(Dataset records)

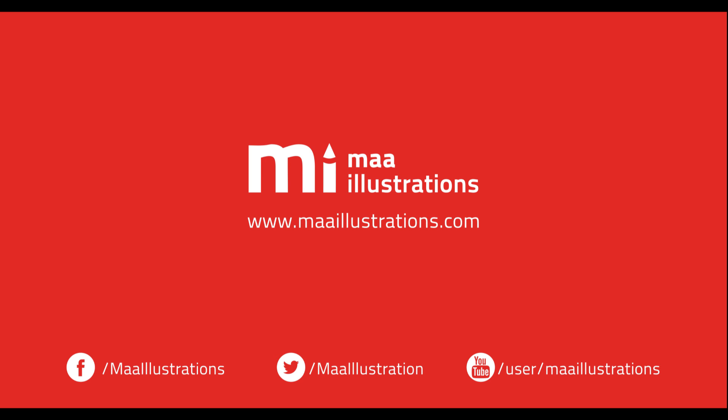Hope you liked this tutorial. Please share this on your social network and help us out. For more tutorials like this, visit maailustrations.com.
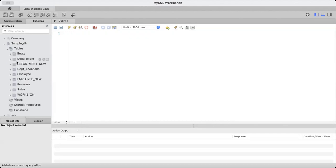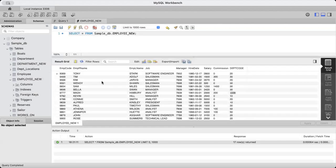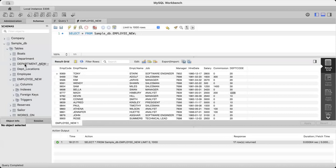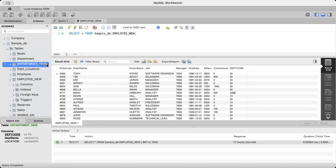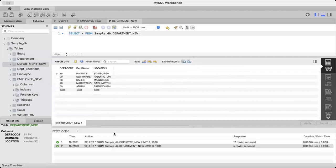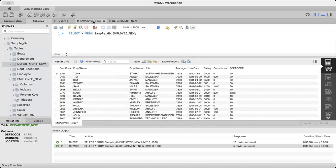In our schema I have two tables. The first is called 'employee_new', which has details of some employees — employee code, employee first name, employee last name, job, manager ID, hire date, salary, commission, and department code. I also have another table called 'department', which has department code, department name, and location. Both these tables are populated with data.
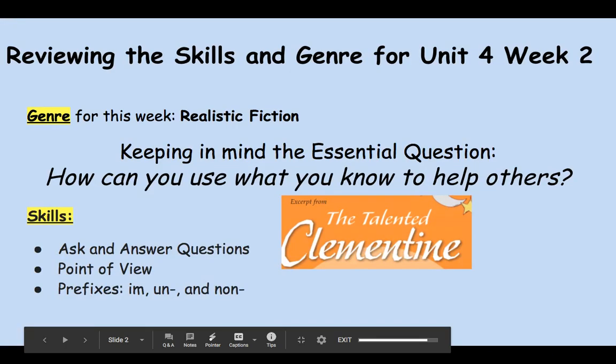Starting off, we know that story was a realistic fiction story. Realistic fiction is a made-up story, but it has components that are very similar to things that could happen in real life. The characters have traits that are similar to you and I and other people in real life. We're also keeping in mind our central question: how can you use what you know to help others? So we're using skills and things that we know to help someone out or teach someone something.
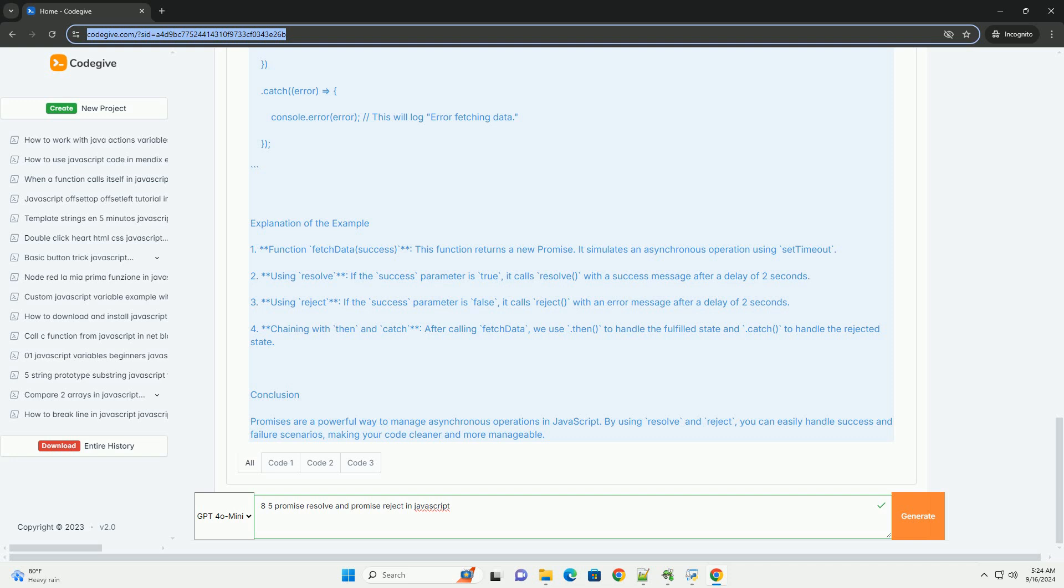Conversely, the reject method is invoked when the operation fails, transitioning the promise to a rejected state and triggering any attached catch handlers.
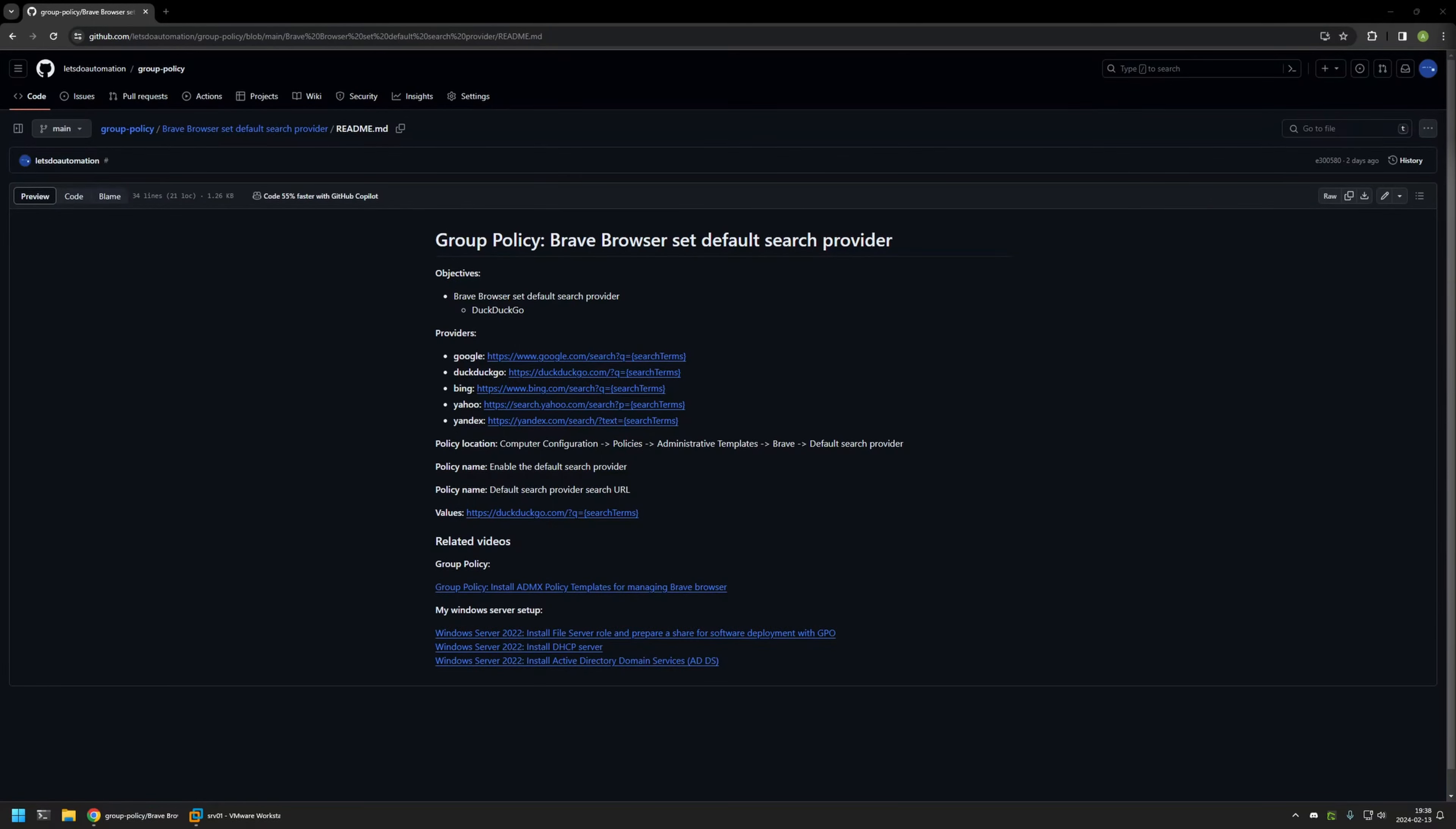In this video, I'll be using Group Policy to set the default search engine for Brave Browser. I'm starting this video from a GitHub page, and that's because there are a few bits of information here that I will be using for this video.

## WORK REQUIRED
Please retype the lines from the one that contains "Starting off, we" to the final line of the records, both included, exactly as written and without any pictures.

## WRITTEN REPLY
Starting off, we know that story was a realistic fiction story. Realistic fiction is a made-up story, but it has components that are very similar to things that could happen in real life. The characters have traits that are similar to you and I and other people in real life. We're also keeping in mind our central question: how can you use what you know to help others? So we're using skills and things that we know to help someone out or teach someone something.
Conversely, the reject method is invoked when the operation fails, transitioning the promise to a rejected state and triggering any attached catch handlers.
In this video, I'll be using Group Policy to set the default search engine for Brave Browser. I'm starting this video from a GitHub page, and that's because there are a few bits of information here that I will be using for this video.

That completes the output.